- A Suzano informou que os preços globais de papel higiênico, lenços de papel e fraldas devem subir, para cobrir custos maiores de transporte e de químicos, caso a guerra entre os EUA e Israel contra o Irã persista.
- A empresa, com capitalização de mercado superior a US$ 60 bilhões, é a maior produtora mundial de celulose usada pela Kimberly-Clark.
- A guerra elevou o preço do petróleo e os custos de transporte marítimo, rodoviário e ferroviário, bem como de químicos, o que pode pressionar os preços do papel e a inflação.
- A Suzano diz ter se protegido de algumas matérias-primas, mas enfrenta aumento de custos indiretos com químicos e há impactos no Oriente Médio (Dubai, Abu Dhabi, Barein e Catar).

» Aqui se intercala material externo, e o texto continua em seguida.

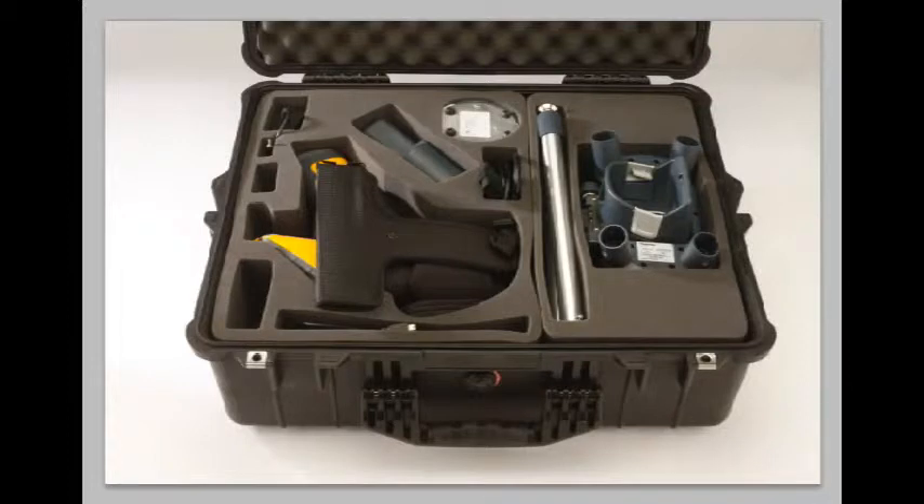This is a continuation of the previous video — a multi-day shoot of these products in the studio. We also shot them on location, which will be featured later. This first shot is the very first lighting setup attempt. Notice it's a little brighter over here, a little less over there, with shadows from the product. I'm purposely skimming light across this to create three-dimensionality, showing the textures.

- A produção da Suzano não seria afetada pela energia, pois é autossuficiente, mas houve mudanças logísticas para o Oriente Médio, com envio via Mediterrâneo e custos de transporte rodoviário pela Arábia Saudita e Jordânia; as ações caíram mais de 15% desde o início da guerra.
A Suzano informou nesta sexta-feira, 10, que os preços globais de papel higiênico, lenços de papel e fraldas devem subir à medida que os custos de transporte e de produtos químicos aumentam, consequência da continuidade da guerra entre EUA, Israel e Irã.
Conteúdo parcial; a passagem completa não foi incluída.